D.M. Kumar, CEO of another apparel company and project director of Vanathukul Tiruppur, makes a candid admission.
“We have caused grievous harm to the environment and we must make amends.” He says that while the industry’s growth has been exponential, no one paid any attention to the environmental fallout. Water bodies paid the price with effluents being discharged into them and trees suffered too.
But not any more.
The new ‘VIPs’
The trees in Tiruppur are now VIPs, says Sivaram. “We brainstormed and came up with a sustainable plan. Too many tree planting drives are coming to nought. In order to save time, energy and resources, we decided to plant in enclosed private lands.” He explains how people offered vacant lands to plant saplings. Nearly 4,000 acres have been planted. I see 6,000 trees growing on 60 acres belonging to a major industrialist. Farmers with uncultivable land were persuaded to plant teak, malai vembu and sandalwood.
Before the saplings find a home, Mahendran and his team find out what tree will grow best in that particular soil. Treated sewage water is used to water the saplings. Industrialists have provided tractors fitted with GPS to the Vanathukul Tiruppur team. These follow a meticulously drawn up schedule to crisscross the district carrying 6,000 litres of water a trip. The tractors make five trips a day. In some farms, drip irrigation is used.

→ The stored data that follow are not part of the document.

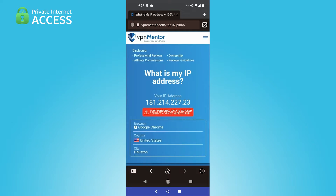Which is kind of what you want for privacy reasons. That is literally the whole video right there — it's super simple to get started with Private Internet Access on Android.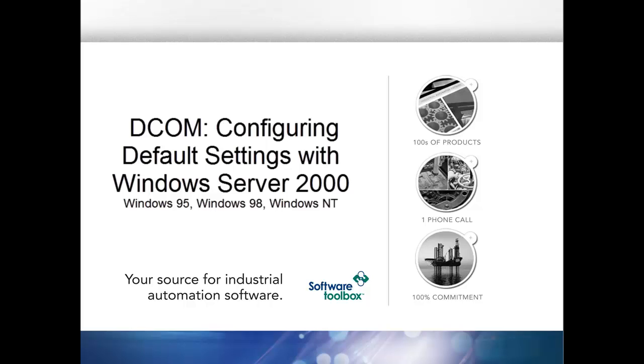Configuring the default settings in DCOM. This tutorial is created using Windows Server 2000. However, Windows 95, Windows 98, and Windows NT have a similar process.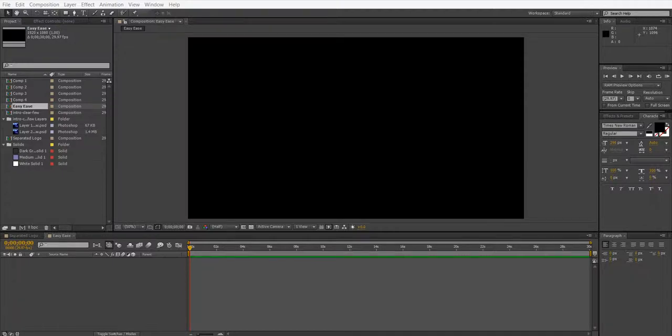Hi guys, in this short tutorial I'm going to show you how to use the easy ease keyframes. It's really really simple.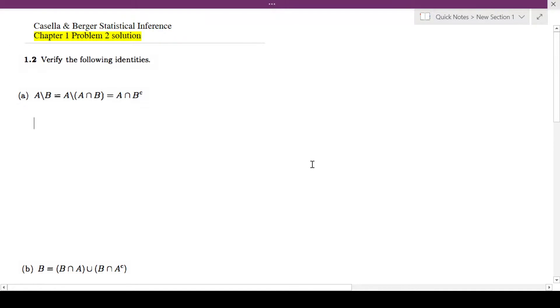Hi, in this video, I'll be looking at Cassell and Berger Statistical Inferences Chapter 1, Problem 2 Solution.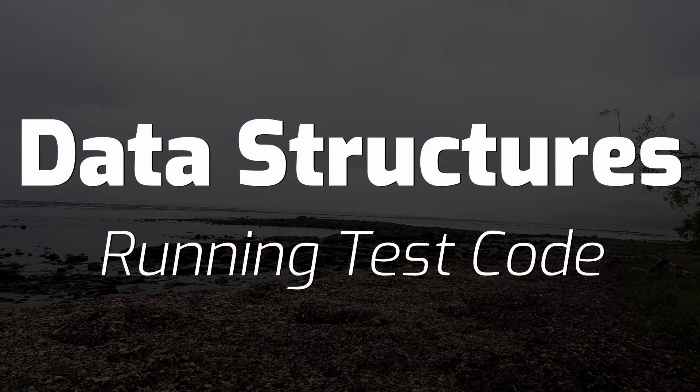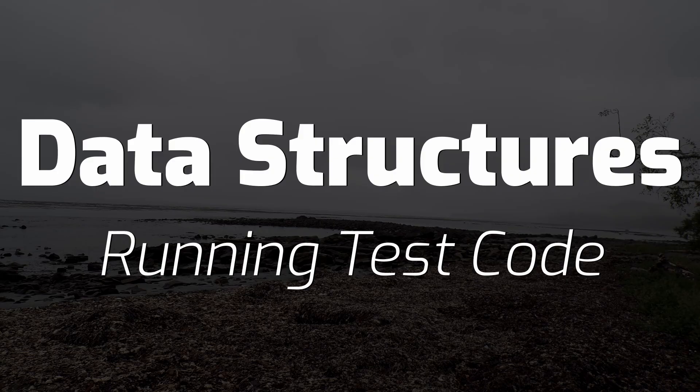In this support video, I'm going to show you how to use the test code that comes with the lessons in my Data Structures course.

But it isn’t all smooth sailing. There have been some setbacks, reveals Kumar. “When we planted saplings in public spaces, miscreants set fire to them, poured acid on them or hammered nails into them. But plantations on private lands get proper care and the trees get a fair chance of survival.”
Kumar says they would gladly help housing complexes to start greening drives too. “You don’t need that much space. We have also adopted the Miyawaki forestry method (a form of ecological engineering) and now several places have densely planted trees.”
In the lush outdoors of yet another apparel exporting company, 4,000 assorted saplings grow in a Miyawaki forest. They include banyan, badam, teak, pomegranate, rosewood, cherry, neem, silver oak, mandarai, guava and mango. Children from nearby schools planted them and they return every now and then to check on their progress.
Mahendran says the planting drive has helped bring back rare indigenous species that would have otherwise disappeared. “The Vanathukul movement has spread its roots. Dindigul, Erode, Namakkal have all begun similar projects,” says Kumar.
Both Sivaram and Kumar reiterate that the greening effort has been successful because it is a people’s movement, wholeheartedly supported by the government. District Forest Officer A. Periasamy seconds that. “In the first two years of the scheme, the forest department supplied nearly two lakh saplings.
Meanwhile, the organisers themselves established nurseries and identified sources for saplings. But the forest department will continue to offer technical expertise in terms of saplings and soil conditions.”
Sivaram hopes to see positive results in about three years. “More rainfall, more birds, less pollution and less heat.” And their next project on restoring water bodies is already underway.